The performance of an AXI4-Stream Infrastructure IP core is limited only by the FPGA logic speed. Each core uses only block RAMs, LUTs, and registers and contains no I/O elements. The values presented in this section must be used as an estimation guideline; actual performance can vary.
Maximum Frequencies
Each core is designed to meet the maximum target frequency of 250 MHz on an AMD Kintex™ 7 FPGA (xc7k325tffg900-1). It can be expected that a -2 speed grade part can achieve 5% higher maximum target frequency and that a -3 speed grade part can achieve 10% higher maximum target frequency. For AXI4-Stream Switch configurations with more than approximately four masters or slaves, the target maximum frequency can be reduced by 20-25%.
Latency
The latency in the IP cores can vary on an interface-to-interface basis,
depending on how the IP cores are configured. The latency is calculated in clocked
cycles and is measured as the time that it takes from the assertion of the slave
interface TVALID signal to the first assertion of
the master interface TVALID signal. The latency for
each of the individual modules is listed in Table 1. To obtain the minimum
latency for the system, add up the values shown in the following tables for the
modules in your system. The latency specifications assume that the master interface
TREADY signal input is always asserted. The
back-to-back delay is the number of clock cycles that back-to-back transfers can be
accepted by the module.
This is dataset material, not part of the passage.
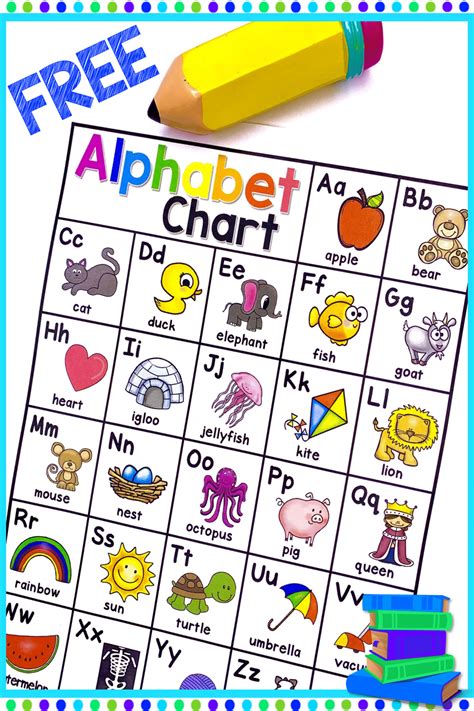 This ipa chart is composed of unicode characters and is written in valid xhtml/css; Alphabet Chart FREE | Alphabet charts, Alphabet printables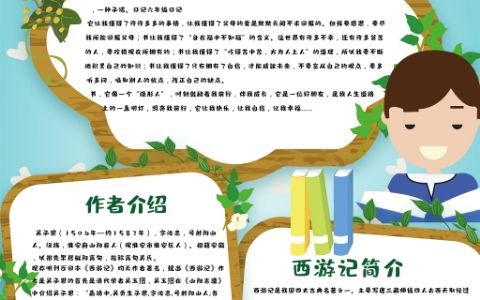 简约清新读书片刻学生读书阅读手抄报电子小报下载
This can be observed by counting how many cycles slave
interface TREADY is Low after a transfer is
accepted on the interface.
| Module Type | Latency (Clocks) |
Back-to-Back Delay (Clocks) |
Description |
|---|---|---|---|
| AXI4-Stream Broadcaster | 0 | 0 | The datapath of the broadcaster is combinatorial. It exhibits no latency if all M_AXIS interfaces have TREADY asserted. |
| AXI4-Stream Clock Converter (synchronous, speed-up) | 1 | 0 | The synchronous clock converter latency is reported as units of the slave interface clock. |
| AXI4-Stream Clock Converter (synchronous, speed-down) | 1 | [clock ratio]-1 | The synchronous clock converter latency is reported as units of the slave interface clock. The back-to-back delay varies based on the clock ratio. Example: If using a synchronous 150 MHz-to-50 MHz 3:1 clock converter (clock ratio of 3), the back-to-back delay is 2 clock cycles. |
| AXI4-Stream Clock Converter (asynchronous) | Not Defined | 0 | The latency associated with an asynchronous clock converter can vary greatly depending on the clocks. It can be expected to see latencies of 5 clock cycles or more. |
| AXI4-Stream Combiner | 0 | 0 | The datapath of the Combiner module is combinatorial and thus has no latency if all ready/valid inputs are asserted. |
| AXI4-Stream Data FIFO | TBD | 0 | The FIFO when configured in normal mode outputs data as soon as it is possible. |
| AXI4-Stream Data FIFO (packet mode) | Until TLAST is received or FIFO is full. | 0 | When configured in packet mode, the FIFO outputs data only when a TLAST is received or the FIFO has filled. |
| AXI4-Stream Data Width Converter (upsizer) | [data width ratio] | 0 | The latency varies based on the data width ratio. Example: If a 32 to 128-bit data converter is used (1:4 ratio), the latency of the module is 4 clock cycles. |
| AXI4-Stream Data Width Converter (downsizer) | 1 | [data width ratio]-1 | The back-to-back delay varies based on the data width ratio. Example: If a 32 to 16-bit data converter is used (2:1 ratio), then the module can only accept transfers every other cycle. |
| AXI4-Stream Register Slice (default or Fully-registered mode) | 1 | 0 | Adding a register slice adds one cycle of latency. There is no back-to-back delay. |
| AXI4-Stream Register Slice Lightweight mode | 1 | 1 | Adding a register slice adds one cycle of latency. Light-weight mode inserts one bubble cycle after each transfer. |
| AXI4-Stream Register Slice SLR Crossing mode | 3 | 0 | SLR Crossing mode incurs 3 latency cycles and adds no back-to-back delay. |
| AXI4-Stream Register Slice SLR TDM Crossing mode | 3 | 0 | SLR TDM Crossing mode incurs 3 aclk latency cycles and adds no back-to-back delay. |
| AXI4-Stream Register Slice Bypass mode | 0 | 0 | Bypass mode directly connects the SI to the MI. |
| AXI4-Stream Subset Converter | 0-1 | 0 | A register slice is inserted when there is a m_axis_tready signal, but not a s_axis_tready signal to avoid violation of the AXI4-Stream protocol. In this configuration, the latency is 1 cycle, otherwise it is 0. |
| AXI4-Stream Switch | 2 | 0-1 | The output latency of the switch is 2 clock cycles. There is 1 cycle of latency for the TDEST decode and 1 cycle of latency for the arbiter grant (if idle.) The back-to-back delay for an already granted arbitration is 0. Back-to-back arbitration results in 1 cycle delays between transactions. |
Throughput
The throughput of a datapath through each AXI4-Stream Infrastructure IP
is calculated as TDATA width x clock frequency of
each of the paths determined by the SI interface, and
MI interface. The minimum throughput of an individual path in a
system for which the transfer will traverse determines the overall throughput of the
datapath.